For the past three years, film-maker Peter Jackson and a team of technicians at Weta Digital in Wellington have been answering the challenge. After the release of the first of the three-part series, most film writers - and most film goers - agree that film-making will never be the same again.
So why should any of this be of interest to surveyors? It turns our that there is a problem lurking here that is of particular interest to the profession.
Computer graphics creates a world of its own. Programmers have developed many clever techniques to ensure that this world behaves as much like the real world as possible. The problem comes when the computer's world and the real world coincide.
So, for instance, standard animation packages now allow an aspiring computer artist to create a 3D world, to people this world with objects of some kind, to make the objects move through the world, and then to show the results from an arbitrary point of view.
Camera angles, and the placing of the actors, helped a lot with the illusions used in Lord of the Rings. In this scene, Ian McKellen, who plays Gandalf, sits much closer to the camera than Elijah Wood, who plays Frodo the Hobbit. In Tolkeinis world the wizards tower over all other folk, while Hobbits are small. McKellen and Wood are, in reality, quite normal. As in the scene on page 14, the background in this scene has been digitally added and morphed to maintain the illusion.
Today, this is pretty basic stuff. More advanced programs allow the user to script anatomically realistic 3D movement of people and animals. Given a certain amount of computer power, it is possible to drape an image over such models, or create surface textures. In so doing, it is possible to create imagery that is almost indistinguishable from the real thing.
No matter what the level, the important point is that such animations move through a proper 3D space. They are not 2D drawings.
This is OK as far as it goes, but often it is not far enough. Often, the film-maker wants to superimpose the two types of film-making. He wants to put a computer graphic of a tower in a real landscape, or make a real actor lean against a computer-generated wall.
Blending the images is, by itself, not difficult. Film-makers have had access to Chroma Key for years. In this technique, a foreground object is filmed against a blue background. The blue pixels can then be edited out and replaced with some other video output. The technique is regularly used in television to show video behind a newsreader, for instance.

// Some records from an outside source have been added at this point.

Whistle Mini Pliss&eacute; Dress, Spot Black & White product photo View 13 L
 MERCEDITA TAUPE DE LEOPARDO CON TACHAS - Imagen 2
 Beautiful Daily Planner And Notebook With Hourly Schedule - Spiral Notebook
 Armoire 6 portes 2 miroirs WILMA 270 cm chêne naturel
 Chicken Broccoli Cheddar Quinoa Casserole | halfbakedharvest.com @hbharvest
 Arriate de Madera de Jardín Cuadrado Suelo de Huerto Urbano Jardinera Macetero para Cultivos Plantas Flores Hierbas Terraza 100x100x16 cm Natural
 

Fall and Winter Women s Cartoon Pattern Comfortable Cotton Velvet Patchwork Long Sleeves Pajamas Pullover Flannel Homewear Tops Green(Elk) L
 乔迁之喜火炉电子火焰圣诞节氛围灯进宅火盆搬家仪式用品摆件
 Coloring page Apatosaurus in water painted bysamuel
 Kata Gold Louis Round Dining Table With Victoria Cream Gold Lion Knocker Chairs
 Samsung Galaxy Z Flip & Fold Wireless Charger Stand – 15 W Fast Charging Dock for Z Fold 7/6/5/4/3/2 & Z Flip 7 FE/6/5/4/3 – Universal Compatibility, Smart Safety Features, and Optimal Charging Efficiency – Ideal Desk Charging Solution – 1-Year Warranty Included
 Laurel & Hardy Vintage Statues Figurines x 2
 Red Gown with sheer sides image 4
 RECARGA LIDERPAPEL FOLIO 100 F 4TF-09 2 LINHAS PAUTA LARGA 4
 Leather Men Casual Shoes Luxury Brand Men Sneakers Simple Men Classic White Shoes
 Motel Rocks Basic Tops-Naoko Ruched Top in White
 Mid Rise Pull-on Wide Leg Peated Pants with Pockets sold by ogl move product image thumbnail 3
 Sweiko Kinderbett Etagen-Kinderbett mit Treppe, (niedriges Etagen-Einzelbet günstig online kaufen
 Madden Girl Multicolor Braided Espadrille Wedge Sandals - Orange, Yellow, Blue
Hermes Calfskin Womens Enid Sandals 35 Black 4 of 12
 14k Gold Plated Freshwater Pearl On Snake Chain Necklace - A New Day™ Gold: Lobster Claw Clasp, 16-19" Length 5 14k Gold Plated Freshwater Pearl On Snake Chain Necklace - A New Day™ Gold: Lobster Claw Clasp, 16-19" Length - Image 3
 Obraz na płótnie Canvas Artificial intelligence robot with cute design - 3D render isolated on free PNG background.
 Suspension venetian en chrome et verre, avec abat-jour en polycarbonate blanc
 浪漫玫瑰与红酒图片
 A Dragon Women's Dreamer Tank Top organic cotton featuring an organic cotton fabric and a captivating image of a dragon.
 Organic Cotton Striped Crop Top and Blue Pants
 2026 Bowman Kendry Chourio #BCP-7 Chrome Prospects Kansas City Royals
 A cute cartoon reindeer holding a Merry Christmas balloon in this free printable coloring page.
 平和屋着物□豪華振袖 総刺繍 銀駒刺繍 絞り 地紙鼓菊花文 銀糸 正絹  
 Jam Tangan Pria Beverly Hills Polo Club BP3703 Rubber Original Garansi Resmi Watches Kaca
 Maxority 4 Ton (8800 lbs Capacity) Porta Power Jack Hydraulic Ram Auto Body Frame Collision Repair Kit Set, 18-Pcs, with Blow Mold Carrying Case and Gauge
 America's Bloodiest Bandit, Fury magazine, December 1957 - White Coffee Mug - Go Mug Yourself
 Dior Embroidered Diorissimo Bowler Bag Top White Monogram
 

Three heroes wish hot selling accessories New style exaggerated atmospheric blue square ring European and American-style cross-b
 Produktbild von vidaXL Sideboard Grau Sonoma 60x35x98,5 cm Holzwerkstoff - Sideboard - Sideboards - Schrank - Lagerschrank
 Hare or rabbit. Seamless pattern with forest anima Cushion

But a news studio is essentially a 2D problem. If one requires the freedom to move the camera, or one needs to record the action in three dimensions, the real world and the computer's world need to be coincident in two ways. Firstly, the computer world in which the 3D model is created needs to be exactly the same size as the real world - the set - and secondly, the camera movement in both worlds also needs to be identical; creating the move in the virtual world is a process called match-moving.
If this can be arranged, the implication is that film and computer graphic worlds can be superimposed on one another, and can interact as the film director requires.
How to do this? There is a variety of different techniques that can be used for match-moving. Clearly, in many scenes, where the camera is stationary, it amounts to no more than being able to identify its position properly in relation to the rest of the set.
Tracking a moving camera is more difficult. Often, the easiest way to do it is to mount the camera on a motion-controlled camera rig, a kind of robot, and then move the camera by controlling the rig. The instructions to the rig can then be given to a virtual camera in the computer world so that it can mimic the real camera's movements precisely.
The adventurers scramble up a stairway deep in the mines of Moria. The actors are real; but the rest of what you see here was built in a computer.
However, there are a number of situations where motion control is not appropriate. Tight shots of actors moving or interacting often require a hand-held camera. In these instances, one of the easiest techniques for recovering the camera path is by using photogrammetry.
Small survey marks are placed around the set in order to obtain suitable geometry - these are removed digitally in post-production. Then the camera position on each frame can be calculated and once again, the path can be recovered.
However it's done, having established the camera path, the next step is to dimension the set accurately. In the past, this has been done with nothing more sophisticated than a measuring tape. But the scale of the Lord of the Rings film trilogy - millions of feet of film were shot and a good proportion of the film, when it arrives on screen, will contain some 3D element - meant a whole new level of sophistication was needed.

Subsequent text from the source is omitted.